* _Task to carry out_: Using the listing below, retype only the lines from the line with "Modern gray and" through the end, both ends included, and exclude the pictures.

* _Data listing_:
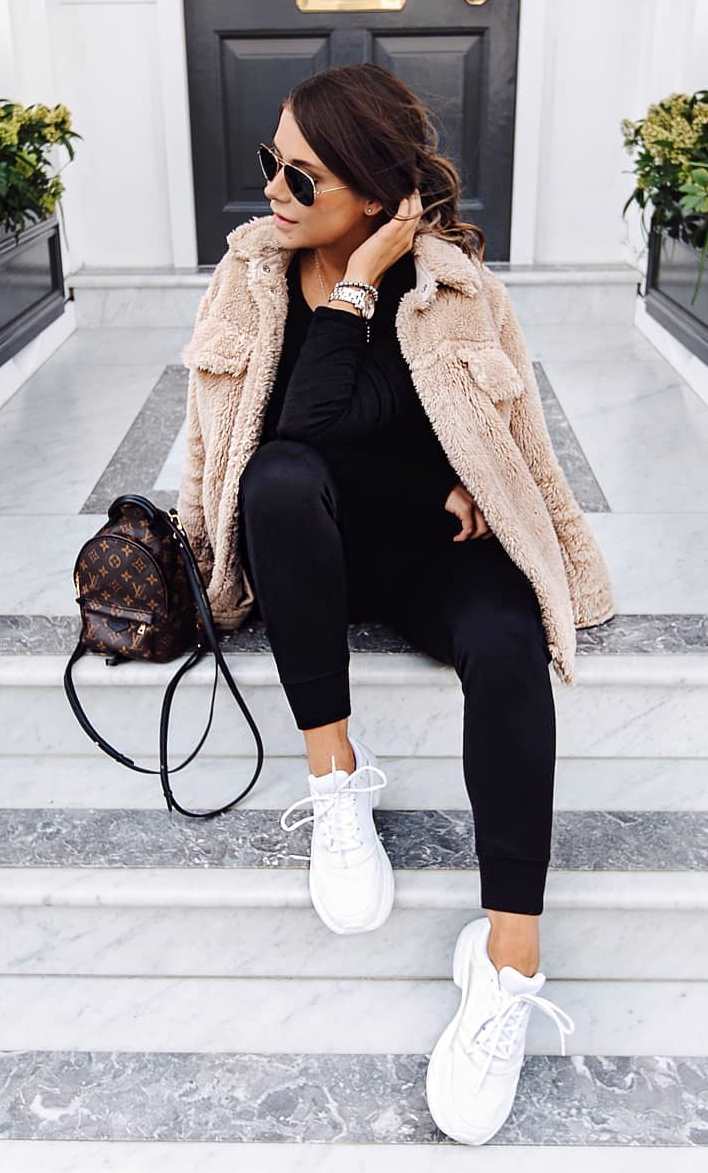 trendy fall outfit idea with sneakers : backpack + beige jacket + black pants + top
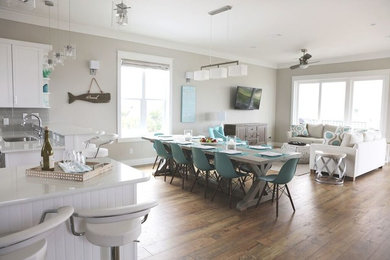 Beach style light wood floor great room photo in Miami with beige walls and no fireplace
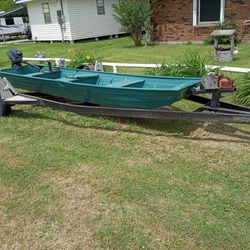 14 Ft Aluminum Sharpshooter With Live Well And Rod Holders With A 40 Mercury On The Back Next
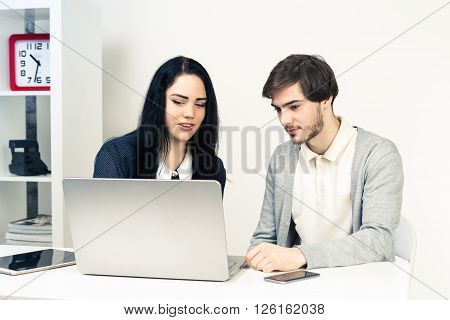Man and woomen working together. Two young people working together while sitting in minimalistic white athmosphere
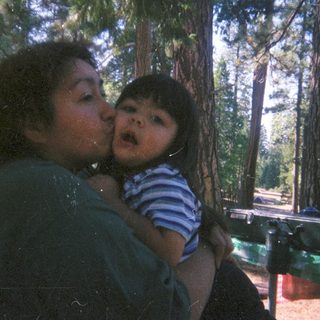 Woman holding and kissing a child outdoors in a forest.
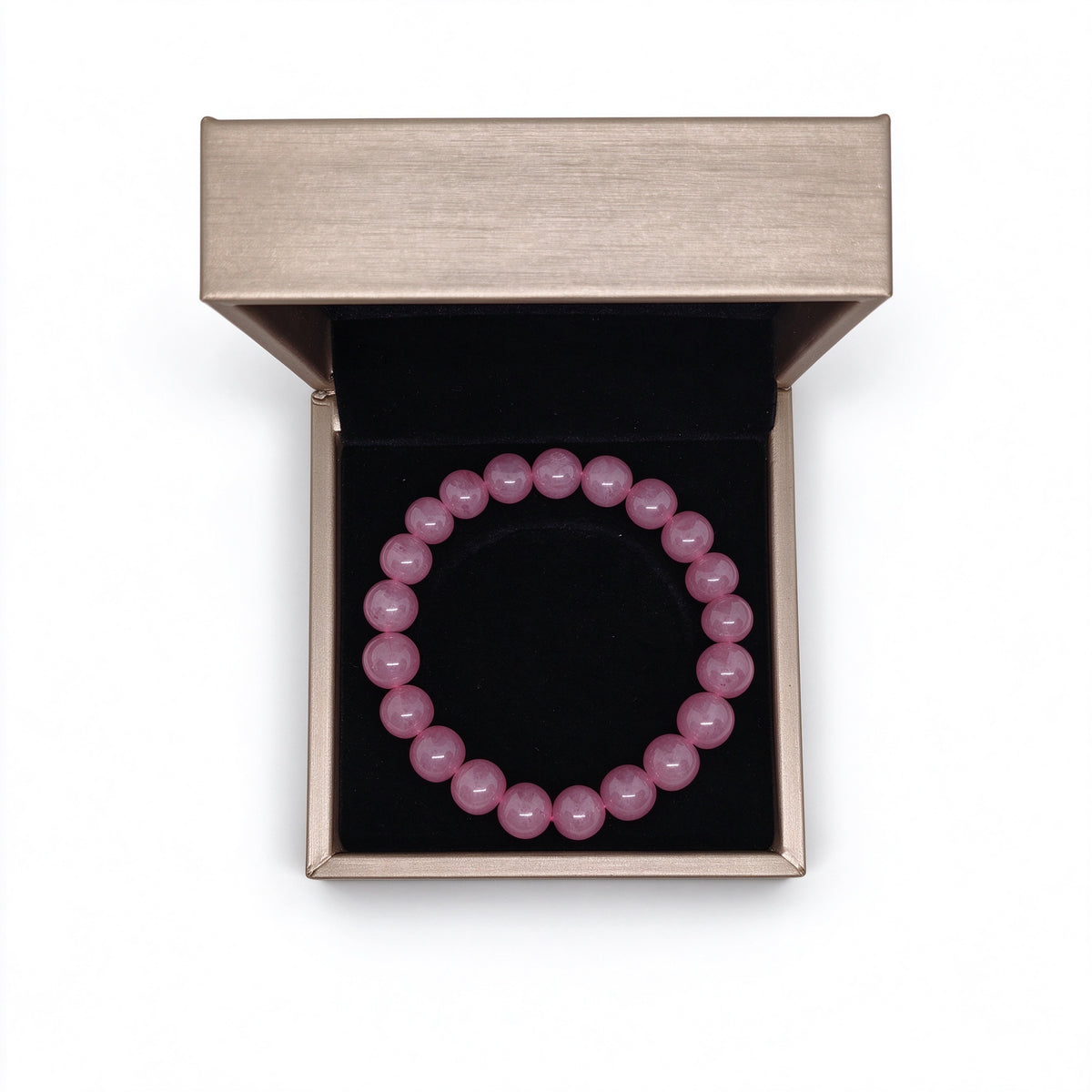 Madagascar rose quartz bracelet placed flat in luxury gift box with black velvet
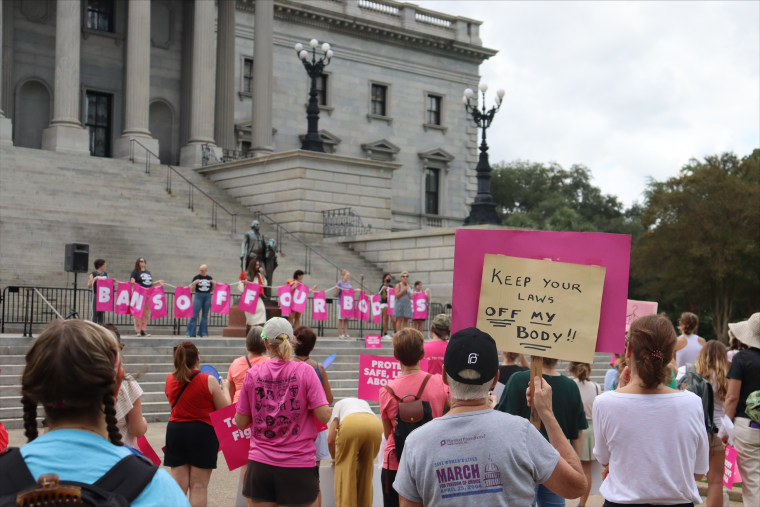 Protesters gather outside the state house in opposition to a proposed abortion ban, in Columbia, S.C.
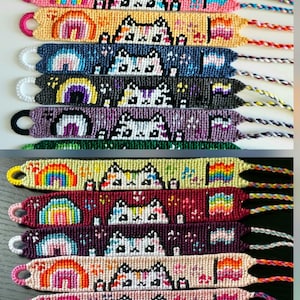 May include: A collection of sixteen woven friendship bracelets featuring a repeating pattern of a cat face, a rainbow, and a small flag. Each bracelet is crafted with colourful embroidery thread and includes a braided tie at one end for closure.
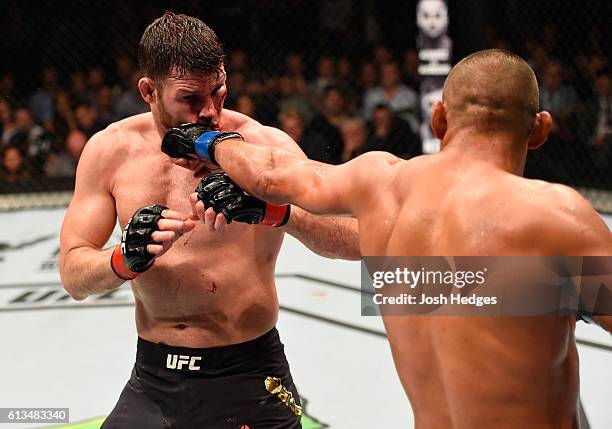 Dan Henderson punches Michael Bisping of England in their UFC middleweight championship bout during the UFC 204 Fight Night at the Manchester Evening...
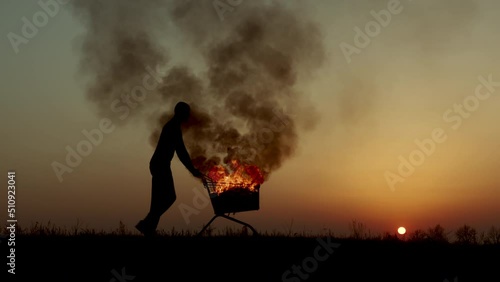 A man rolls a burning cart from a supermarket in an empty field, against the background of a golden sunset closer to the dark night, slow motion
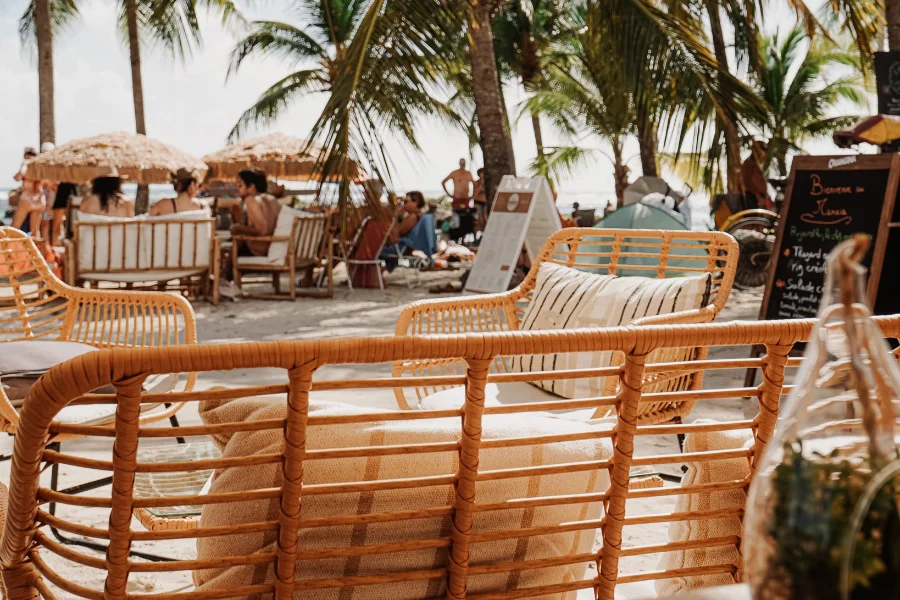 Terrasse en rotin du Manaïa sous les cocotiers, face à la plage de Sainte-Anne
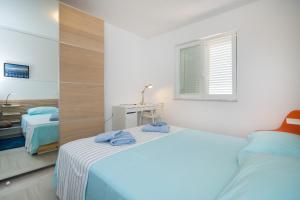 Postel nebo postele na pokoji v ubytování Apartments Tamburini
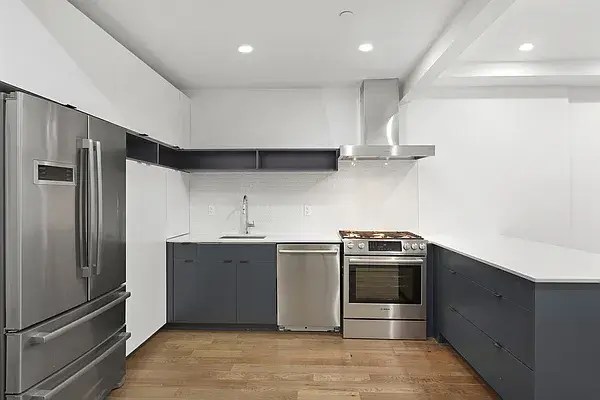 Modern gray and white L-shaped kitchen with stainless steel appliances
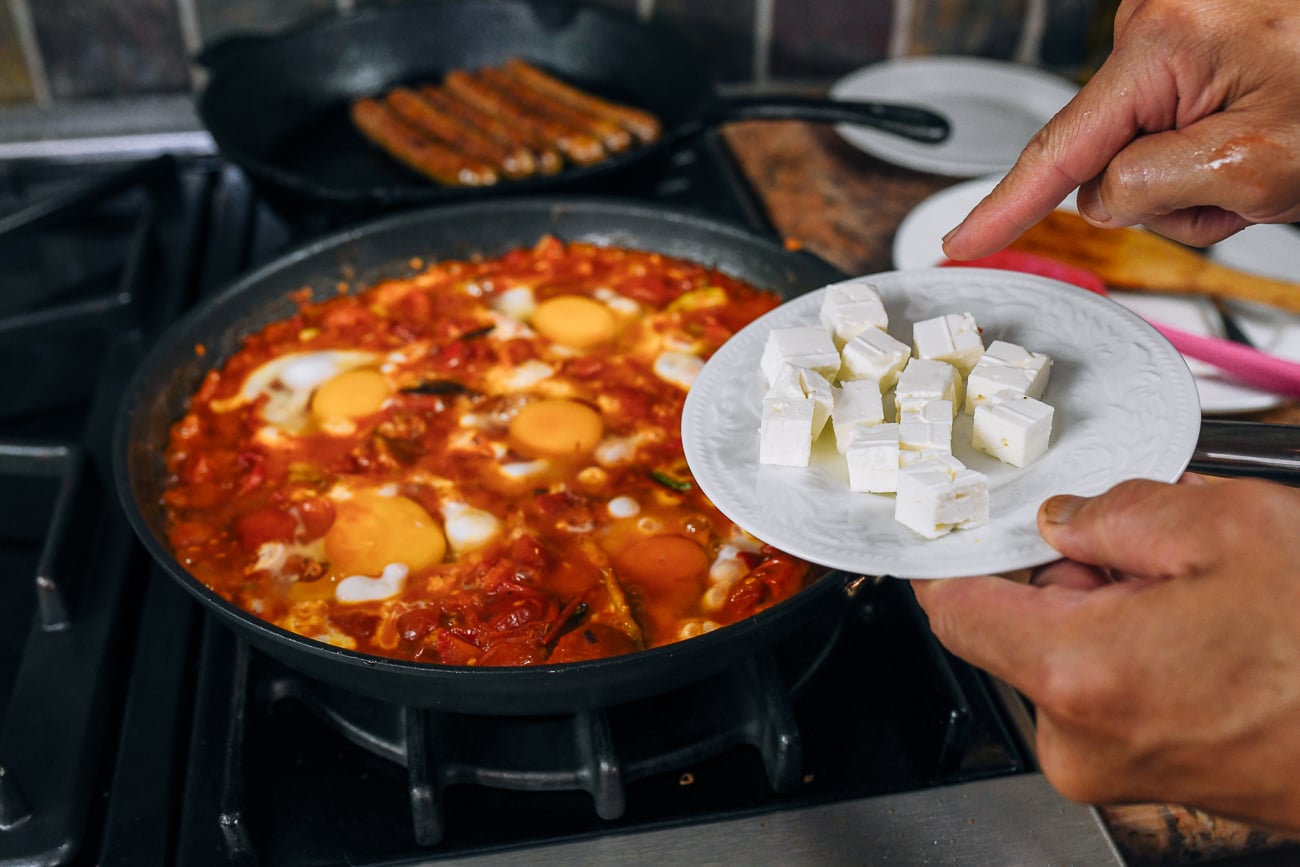 adding cubed feta cheese to shakshuka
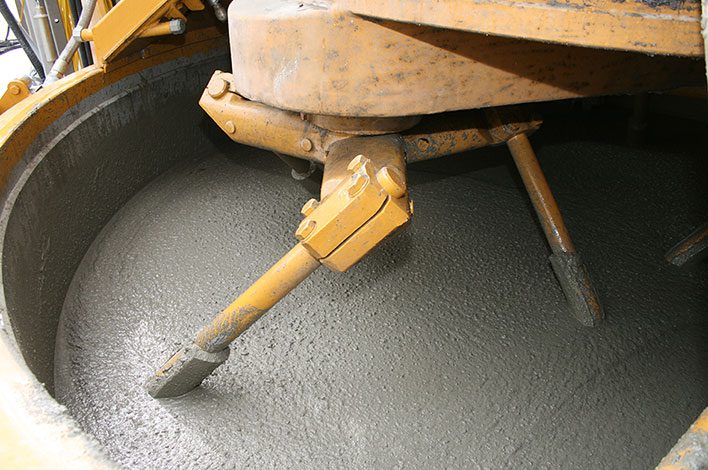 A mixer's paddles stir concrete.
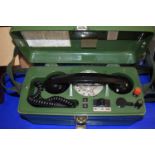 Military field telephone 704B in green case with carrying strap and clear dial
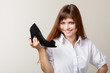 A beautiful woman with a shoe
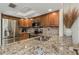 Kitchen features granite countertops, stainless steel appliances, and natural light at 375 Madeira Cir, St Petersburg, FL 33715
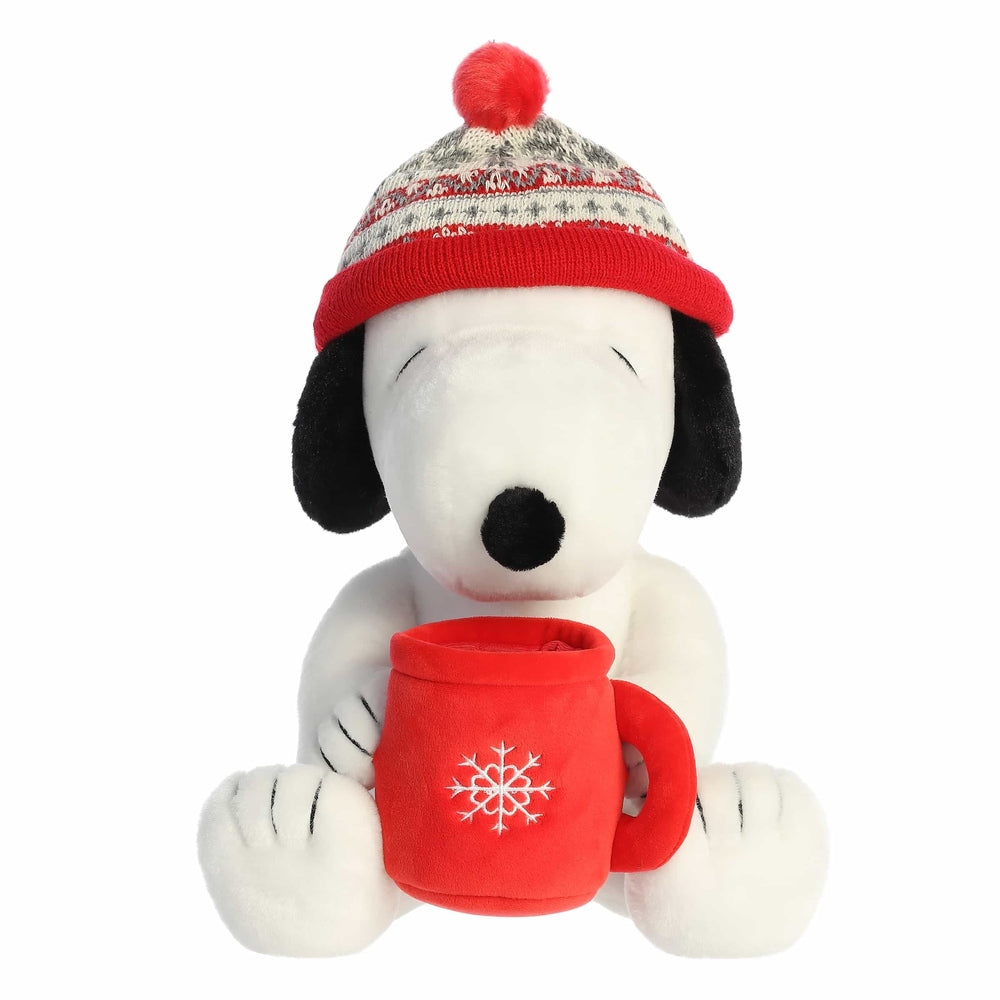 Aurora Snoopy 12-inch plush wearing a red knit winter hat and holding a red mug with a snowflake.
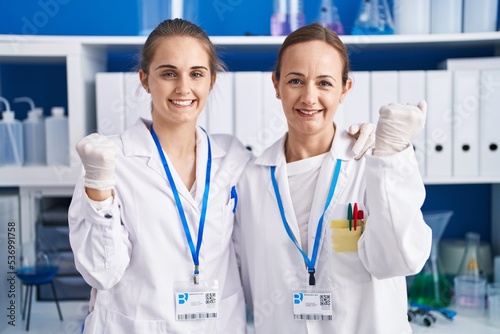 Two women working at scientist laboratory screaming proud, celebrating victory and success very excited with raised arms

* _Reply_:
 Modern gray and white L-shaped kitchen with stainless steel appliances
 adding cubed feta cheese to shakshuka
 A mixer's paddles stir concrete.
 Military field telephone 704B in green case with carrying strap and clear dial
 A beautiful woman with a shoe
 Kitchen features granite countertops, stainless steel appliances, and natural light at 375 Madeira Cir, St Petersburg, FL 33715
 Aurora Snoopy 12-inch plush wearing a red knit winter hat and holding a red mug with a snowflake.
 Two women working at scientist laboratory screaming proud, celebrating victory and success very excited with raised arms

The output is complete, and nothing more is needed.